#### [What is being asked]
Print the data that follows word for word, leaving out any picture.

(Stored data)

□ □ □ □ □ □ □

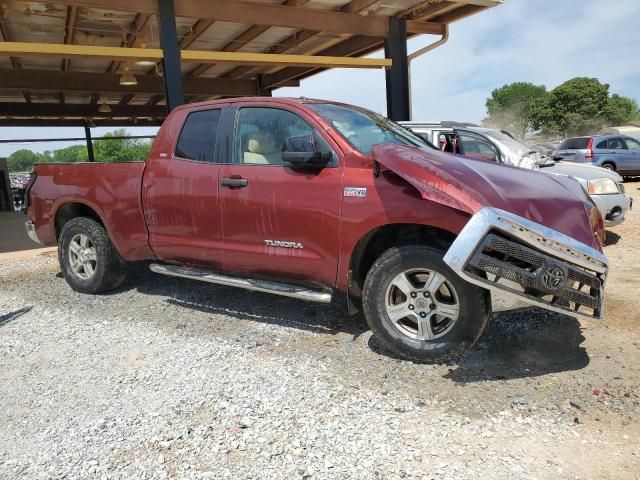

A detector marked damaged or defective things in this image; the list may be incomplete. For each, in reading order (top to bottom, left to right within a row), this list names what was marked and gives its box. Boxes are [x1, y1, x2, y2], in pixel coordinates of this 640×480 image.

damaged front end [442, 208, 608, 320]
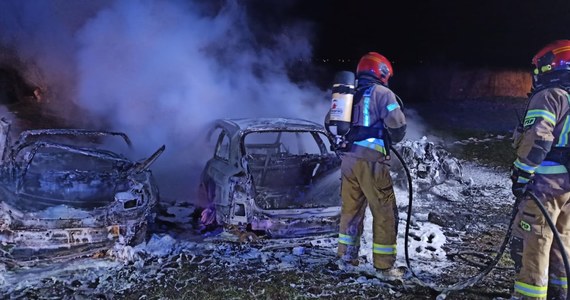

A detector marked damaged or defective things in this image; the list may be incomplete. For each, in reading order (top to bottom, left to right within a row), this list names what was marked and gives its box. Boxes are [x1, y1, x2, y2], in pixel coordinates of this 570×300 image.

burned car [0, 118, 164, 264]
burnt car shell [0, 118, 164, 264]
burned car [197, 117, 340, 237]
burnt car shell [199, 117, 340, 237]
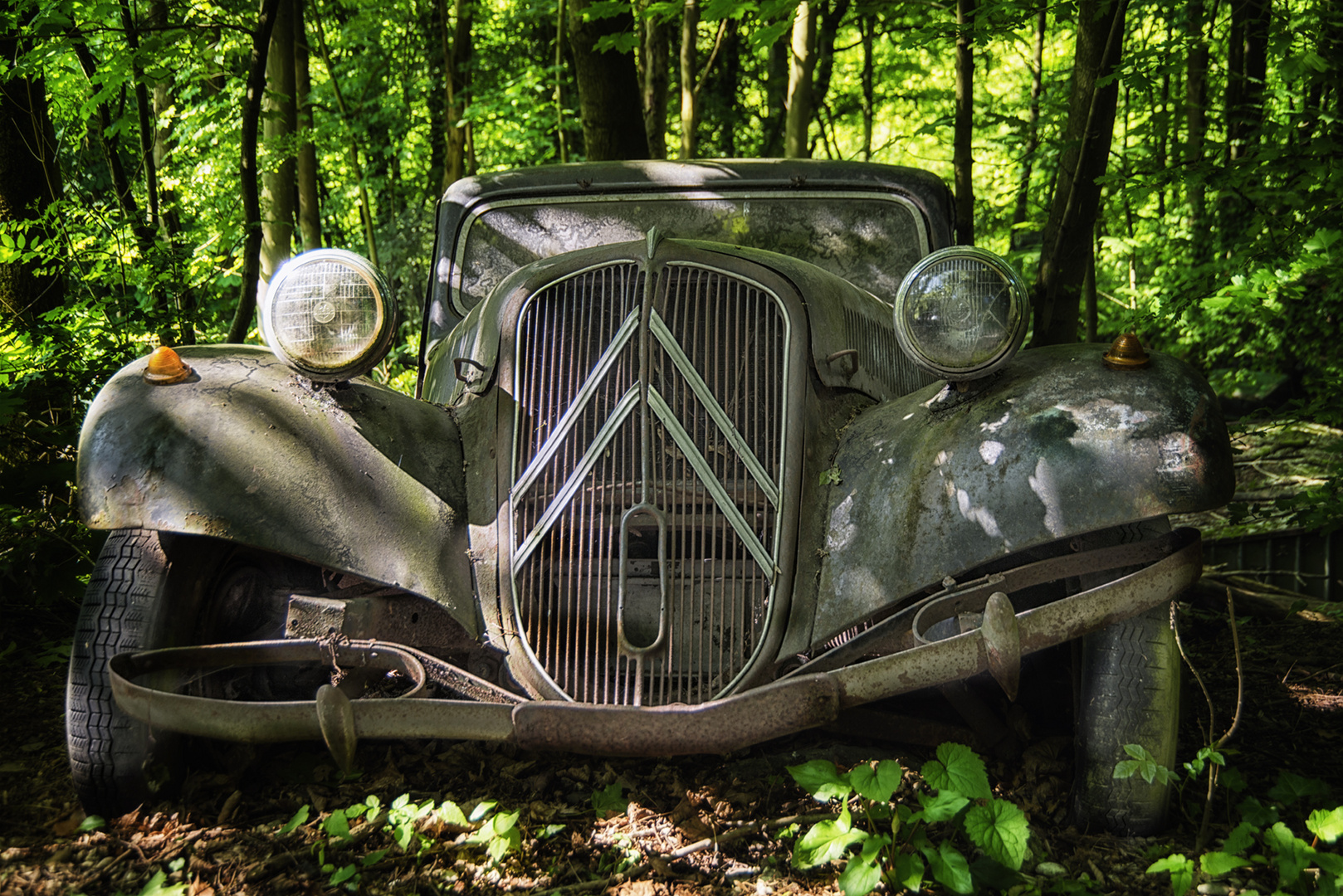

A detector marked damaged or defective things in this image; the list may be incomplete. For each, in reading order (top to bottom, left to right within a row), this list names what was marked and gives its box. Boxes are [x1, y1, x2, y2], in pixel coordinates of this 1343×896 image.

rusty metal panel [77, 346, 478, 634]
abandoned car [68, 158, 1230, 832]
rusty metal panel [811, 343, 1230, 645]
rusted bolt [1101, 331, 1155, 370]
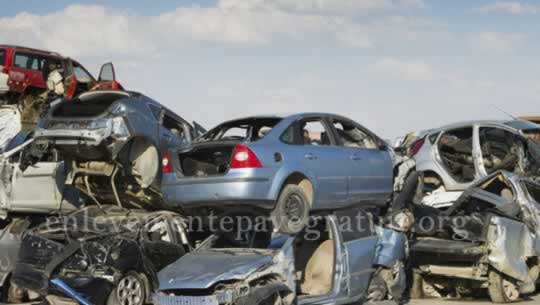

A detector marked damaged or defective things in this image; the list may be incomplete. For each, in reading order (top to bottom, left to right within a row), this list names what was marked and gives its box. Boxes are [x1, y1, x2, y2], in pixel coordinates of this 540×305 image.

crushed car [0, 44, 122, 130]
wrecked car body [32, 91, 199, 207]
crushed car [33, 90, 202, 208]
wrecked car body [160, 113, 392, 233]
crushed car [160, 114, 392, 233]
crushed car [402, 120, 540, 208]
wrecked car body [408, 120, 540, 208]
crushed car [10, 203, 192, 304]
wrecked car body [10, 204, 192, 304]
crushed car [152, 210, 410, 304]
wrecked car body [154, 211, 408, 304]
wrecked car body [410, 171, 540, 302]
crushed car [410, 171, 540, 302]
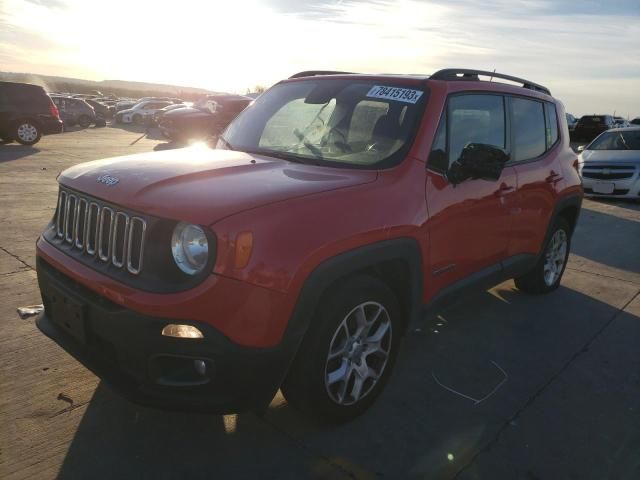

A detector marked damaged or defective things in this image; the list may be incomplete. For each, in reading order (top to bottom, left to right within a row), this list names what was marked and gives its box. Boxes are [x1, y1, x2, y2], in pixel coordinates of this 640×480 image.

□ □ □ □ □ □ □

#### [Answer for this exercise]
A detector marked damaged or defective things in this image; the list may be incomplete. For each, in reading order (top to bottom, left to right within a row), this list names what was marked and gives its box. Boxes are [x1, y1, x2, y2], in pixel coordinates of this 640×480 image.

damaged front end [442, 208, 608, 320]

A detector marked damaged or defective things in this image; the list may be incomplete. For each, in reading order (top to bottom, left to right within a row), this list names what was marked and gives its box. Boxes are [x1, y1, x2, y2], in pixel coordinates of this 570×300 image.

burned car [0, 118, 164, 264]
burnt car shell [0, 118, 164, 264]
burned car [197, 117, 340, 237]
burnt car shell [199, 117, 340, 237]

A detector marked damaged or defective things in this image; the list may be incomplete. For each, in reading order (top to bottom, left to right within a row), this list names what was marked and gives its box. Boxes are [x1, y1, x2, y2], in pixel coordinates of this 1343×896 image.

rusty metal panel [77, 346, 478, 634]
abandoned car [68, 158, 1230, 832]
rusty metal panel [811, 343, 1230, 645]
rusted bolt [1101, 331, 1155, 370]

A detector marked damaged or defective things in this image; the list may be incomplete. For each, in reading order (top to bottom, left to right within a row), this list names what was marked and gives its box. Boxes are [x1, y1, x2, y2], in pixel coordinates of this 540×305 image.

crushed car [0, 44, 122, 130]
wrecked car body [32, 91, 199, 207]
crushed car [33, 90, 202, 208]
wrecked car body [160, 113, 392, 233]
crushed car [160, 114, 392, 233]
crushed car [402, 120, 540, 208]
wrecked car body [408, 120, 540, 208]
crushed car [10, 203, 192, 304]
wrecked car body [10, 204, 192, 304]
crushed car [152, 210, 410, 304]
wrecked car body [154, 211, 408, 304]
wrecked car body [410, 171, 540, 302]
crushed car [410, 171, 540, 302]

A detector marked damaged or defective things in this image; the list may be incomplete. For each, in reading order (top to bottom, left to right within a row), this list names what was marked and gives its box. Boxes are [x1, y1, x2, y2], in pixel coordinates of this 640×480 image.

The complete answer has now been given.